In our example, we add the `tenure`

variable and its square `tenuresq`

to the model equation. This is the unrestricted model, which we have to estimate before we can calculate the F test.

```
# Estimate unrestricted model
model_unres <- lm(lwage ~ educ + exper + expersq + tenure + tenursq, data = wage1)
summary(model_unres)
```

```
##
## Call:
## lm(formula = lwage ~ educ + exper + expersq + tenure + tenursq,
## data = wage1)
##
## Residuals:
## Min 1Q Median 3Q Max
## -1.96984 -0.25313 -0.03204 0.27141 1.28302
##
## Coefficients:
## Estimate Std. Error t value Pr(>|t|)
## (Intercept) 0.2015715 0.1014697 1.987 0.0475 *
## educ 0.0845258 0.0071614 11.803 < 2e-16 ***
## exper 0.0293010 0.0052885 5.540 4.80e-08 ***
## expersq -0.0005918 0.0001141 -5.189 3.04e-07 ***
## tenure 0.0371222 0.0072432 5.125 4.20e-07 ***
## tenursq -0.0006156 0.0002495 -2.468 0.0139 *
## ---
## Signif. codes: 0 '***' 0.001 '**' 0.01 '*' 0.05 '.' 0.1 ' ' 1
##
## Residual standard error: 0.425 on 520 degrees of freedom
## Multiple R-squared: 0.3669, Adjusted R-squared: 0.3608
## F-statistic: 60.26 on 5 and 520 DF, p-value: < 2.2e-16
```

The t values of the new model indicate that all variabes - including the constant - are statistically significant and `tenure`

provides additional explanatory power to the model. Since `tenure`

also enters in its squared form, we are interested in the joint significance of the tenure terms. This can be checked with an F test. In R we can use the `anova`

function for this, where we proved the two estimated models as arguments.

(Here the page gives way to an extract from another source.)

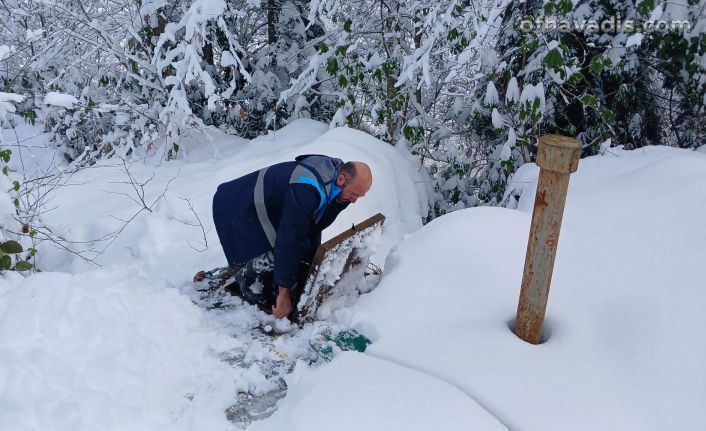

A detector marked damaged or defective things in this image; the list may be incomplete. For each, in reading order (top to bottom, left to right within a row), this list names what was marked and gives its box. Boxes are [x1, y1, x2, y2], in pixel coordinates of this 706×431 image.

rusty yellow post [512, 135, 576, 344] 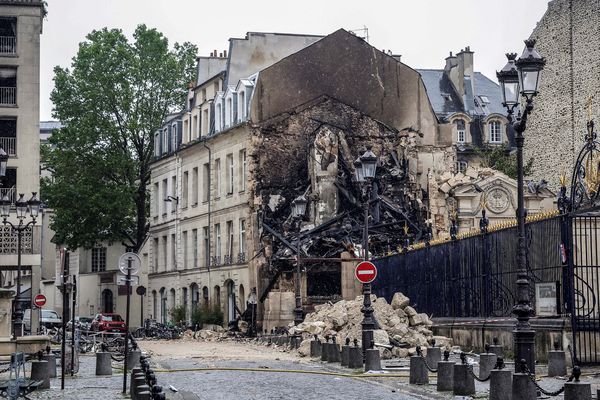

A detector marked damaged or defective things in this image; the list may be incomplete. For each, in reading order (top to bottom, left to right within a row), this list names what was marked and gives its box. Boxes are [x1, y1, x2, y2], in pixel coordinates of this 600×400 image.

`anova(model, model_unres)`

```
## Analysis of Variance Table
##
## Model 1: lwage ~ educ + exper + expersq
## Model 2: lwage ~ educ + exper + expersq + tenure + tenursq
## Res.Df RSS Df Sum of Sq F Pr(>F)
## 1 522 103.790
## 2 520 93.911 2 9.8791 27.351 5.079e-12 ***
## ---
## Signif. codes: 0 '***' 0.001 '**' 0.01 '*' 0.05 '.' 0.1 ' ' 1
```

As you can see from the output, the tenure terms are joinly significant.

## Literature

Kennedy, P. (2014). A Guide to Econometrics. Malden (Mass.): Blackwell Publishing 6th ed.